Dataset excerpts
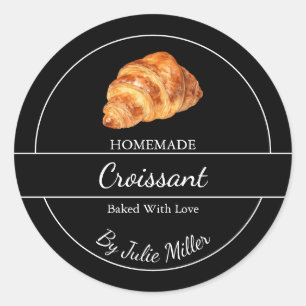 Étiquette simple Croissant fait maison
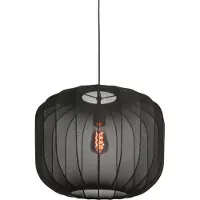 Anne Lighting - suspension - Sable - noir - lin métal - Ø 45cm - E27 - 4191ZW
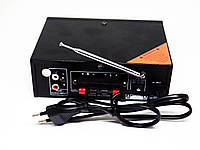 Підсилювач звуку UKC AK-699BT USB Bluetooth потужний 2х канальний підсилювач з блютузом для будинку, фото 4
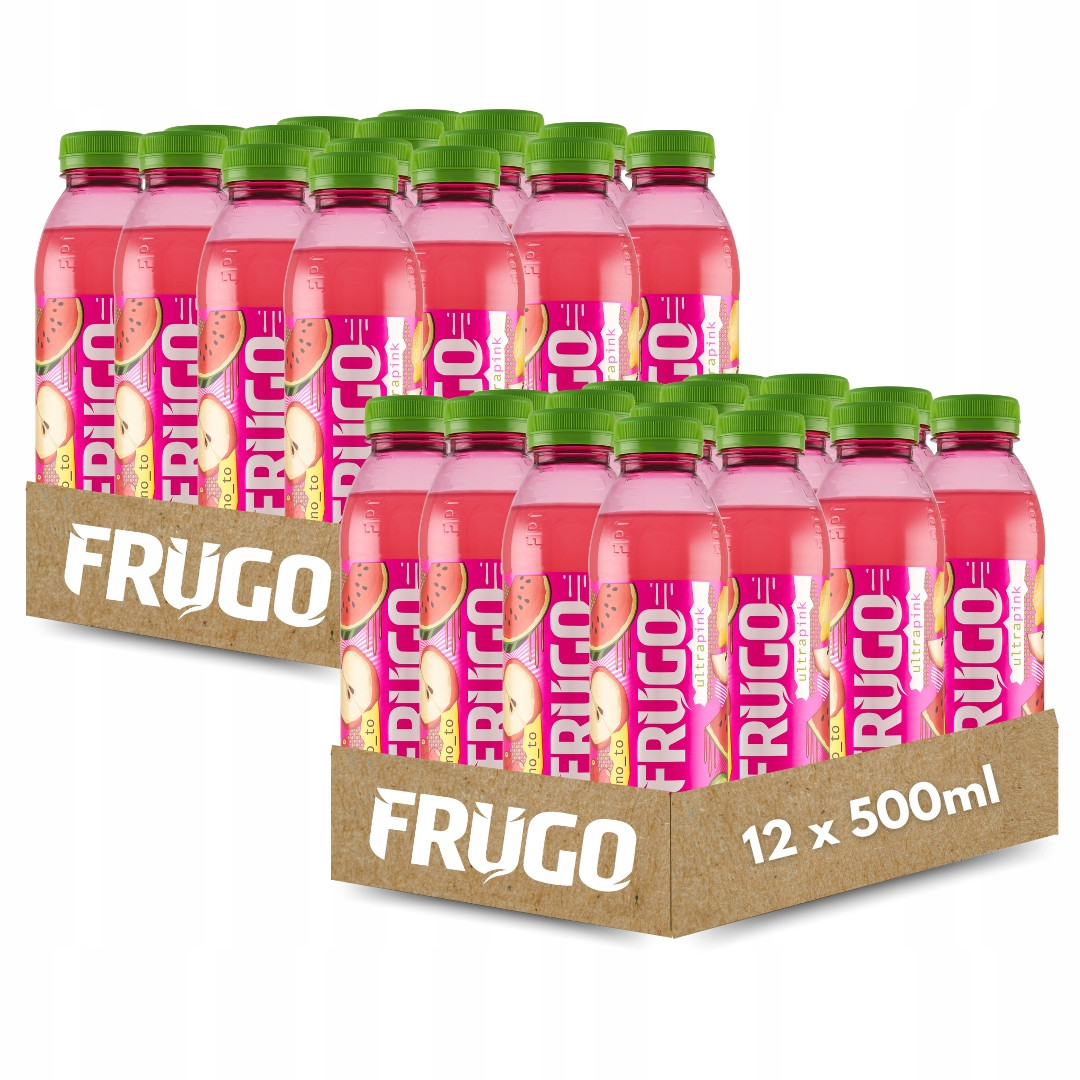 Frugo Ultra Pink Víceplodý neperlivý nápoj 500ml x 24 kusů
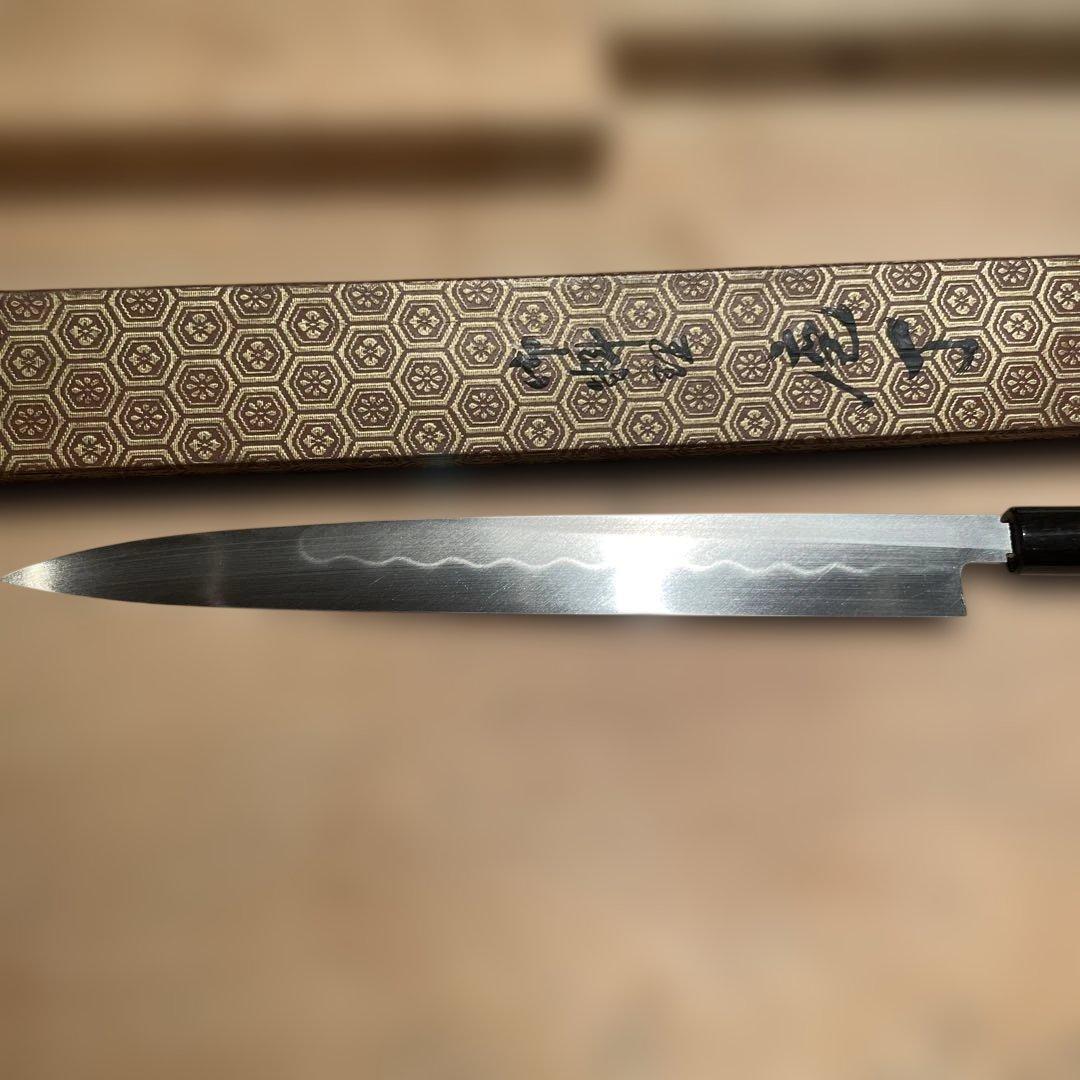 本焼　柳刃包丁 約30cm 鏡面仕上げ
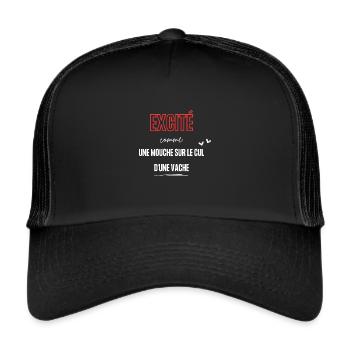 Excité comme une mouche - Casquette trucker  - noir/noir - Devant
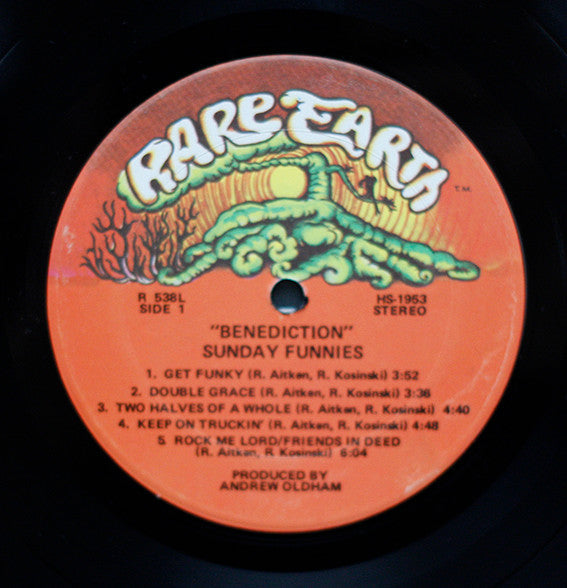 Sunday Funnies - Benediction (Vinyl, VG) (Vinyl LP)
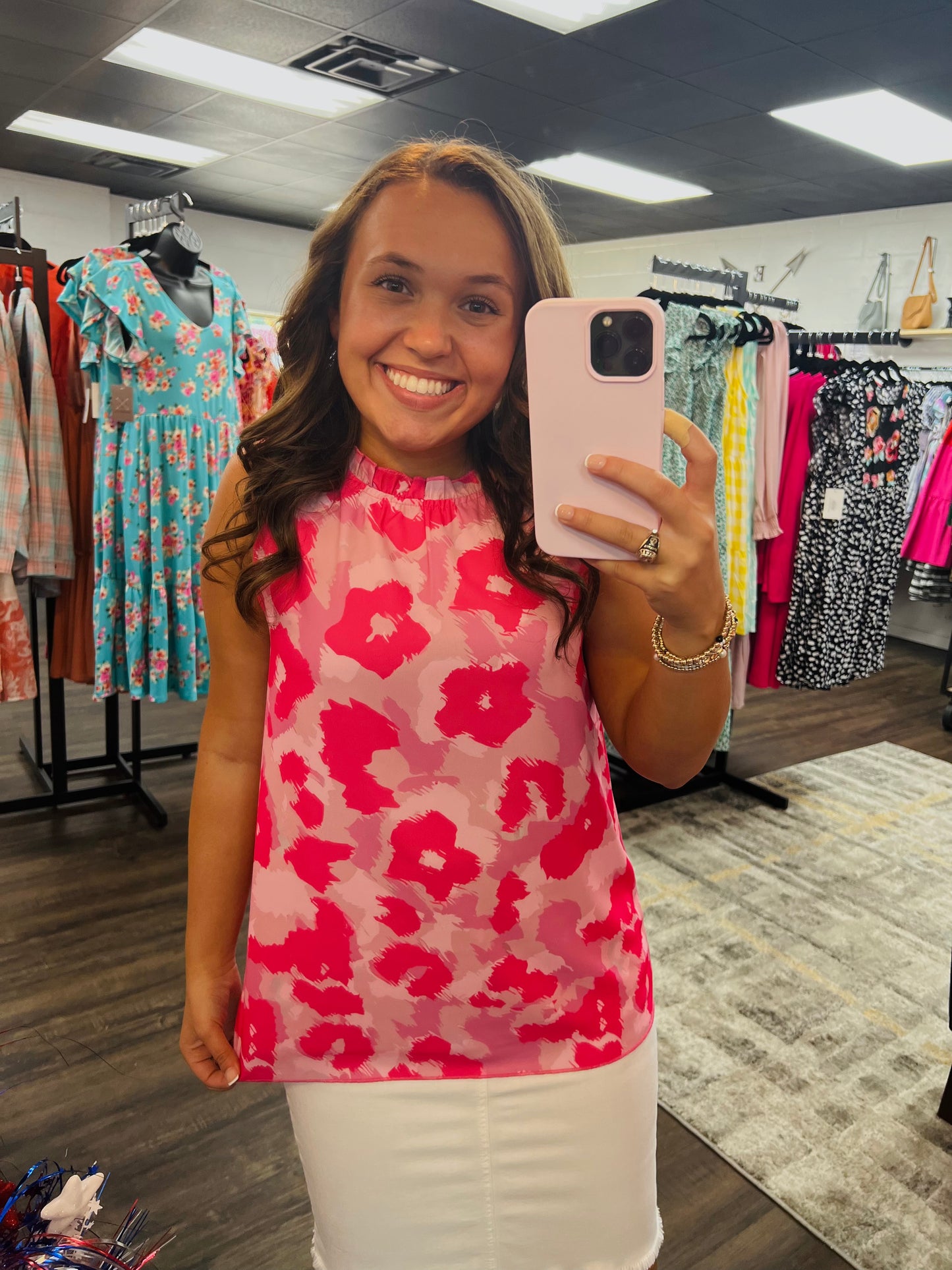 Think Pink Floral Top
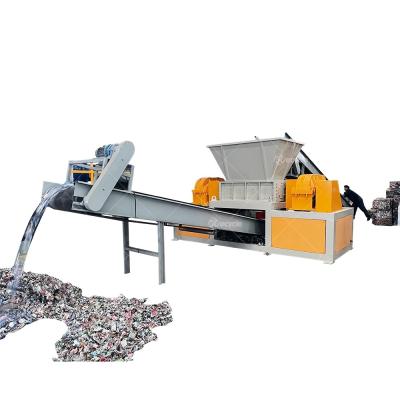 China Double Shaft Shredder Machine And Gear Core Components for Home Use and Manufacturing Plant Mini Twin Shaft Shredder for sale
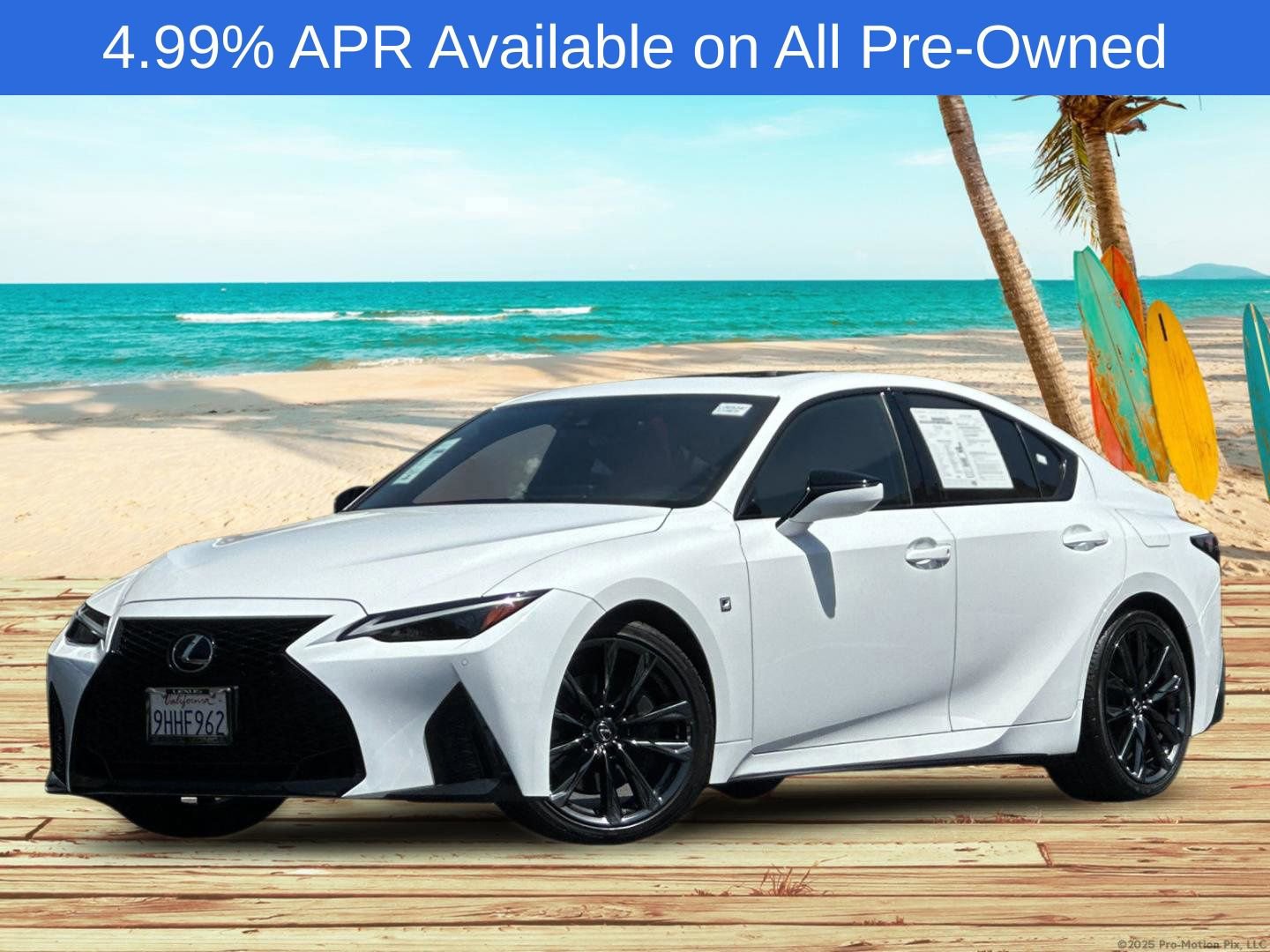 Used 2023 Lexus IS 350 F Sport w/ Accessory Package RWD image 2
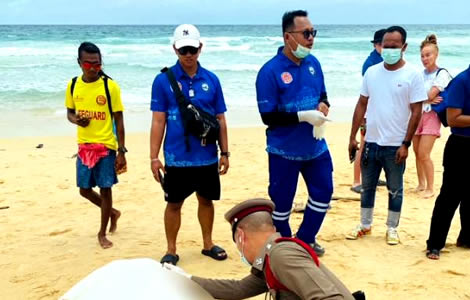 48 year old Russian tourist drowns swimming off Karon Beach with red flags raised warning of danger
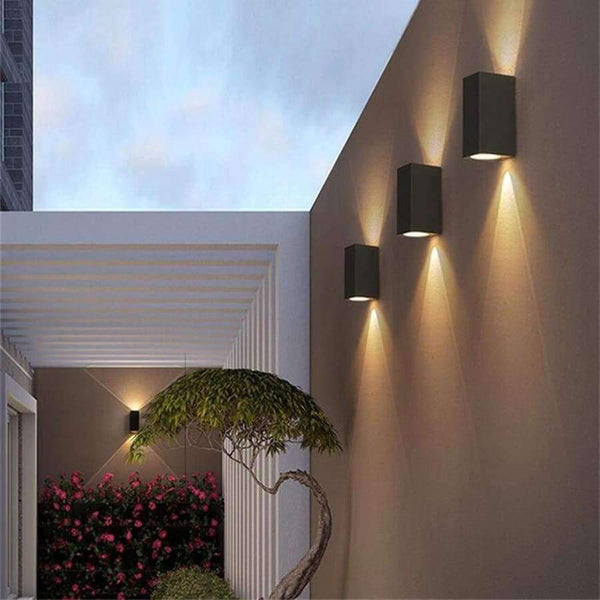 Planet Gates Warm White / single head   4W / Black body-square LED Aluminum Wall Lamp Porch Light Wall Sconce Square Outdoor Waterproof Wall Light Garden Lights Modern wall lights AC85 - 265V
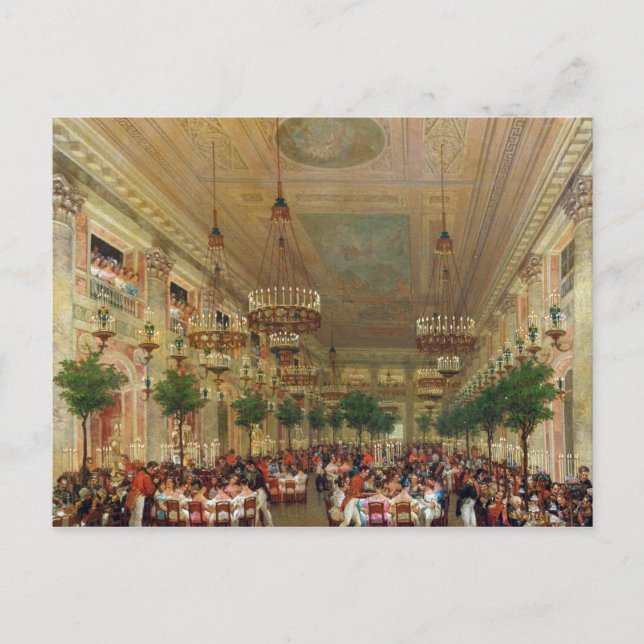 Carte Postale Fête aux Tuileries pour célébrer le (Devant)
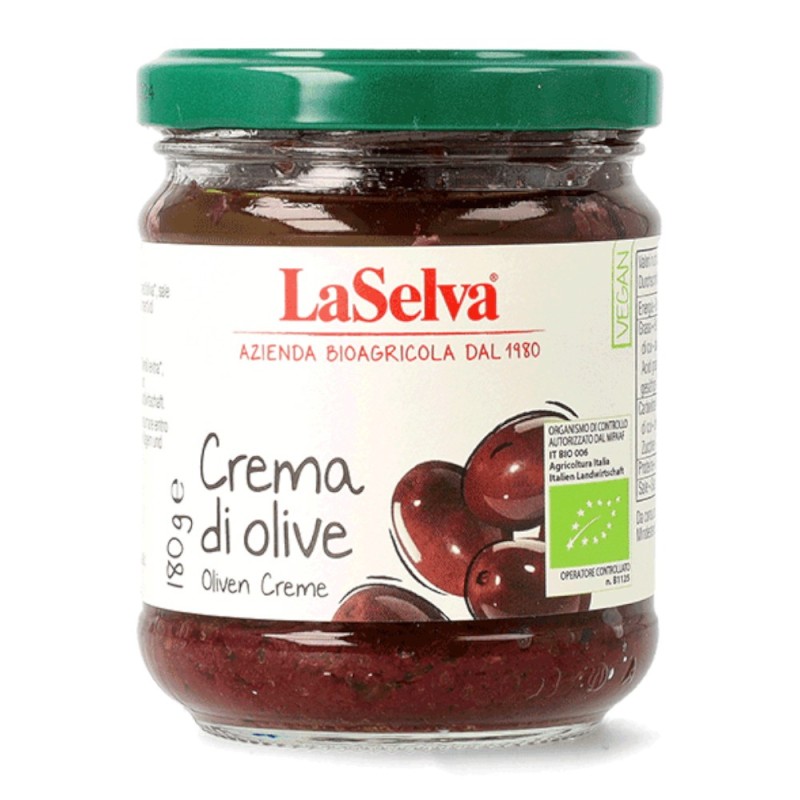 Crema de Masline Bio, LaSelva, 180 g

§ EXERCISE AIM
Please retype only the lines from the line that holds "Anne Lighting - suspension" through the end of the records, exactly as they stand, and drop every picture.

§ REPLY TO THE TASK
 Anne Lighting - suspension - Sable - noir - lin métal - Ø 45cm - E27 - 4191ZW
 Підсилювач звуку UKC AK-699BT USB Bluetooth потужний 2х канальний підсилювач з блютузом для будинку, фото 4
 Frugo Ultra Pink Víceplodý neperlivý nápoj 500ml x 24 kusů
 本焼　柳刃包丁 約30cm 鏡面仕上げ
 Excité comme une mouche - Casquette trucker  - noir/noir - Devant
 Sunday Funnies - Benediction (Vinyl, VG) (Vinyl LP)
 Think Pink Floral Top
 China Double Shaft Shredder Machine And Gear Core Components for Home Use and Manufacturing Plant Mini Twin Shaft Shredder for sale
 Used 2023 Lexus IS 350 F Sport w/ Accessory Package RWD image 2
 48 year old Russian tourist drowns swimming off Karon Beach with red flags raised warning of danger
 Planet Gates Warm White / single head   4W / Black body-square LED Aluminum Wall Lamp Porch Light Wall Sconce Square Outdoor Waterproof Wall Light Garden Lights Modern wall lights AC85 - 265V
 Carte Postale Fête aux Tuileries pour célébrer le (Devant)
 Crema de Masline Bio, LaSelva, 180 g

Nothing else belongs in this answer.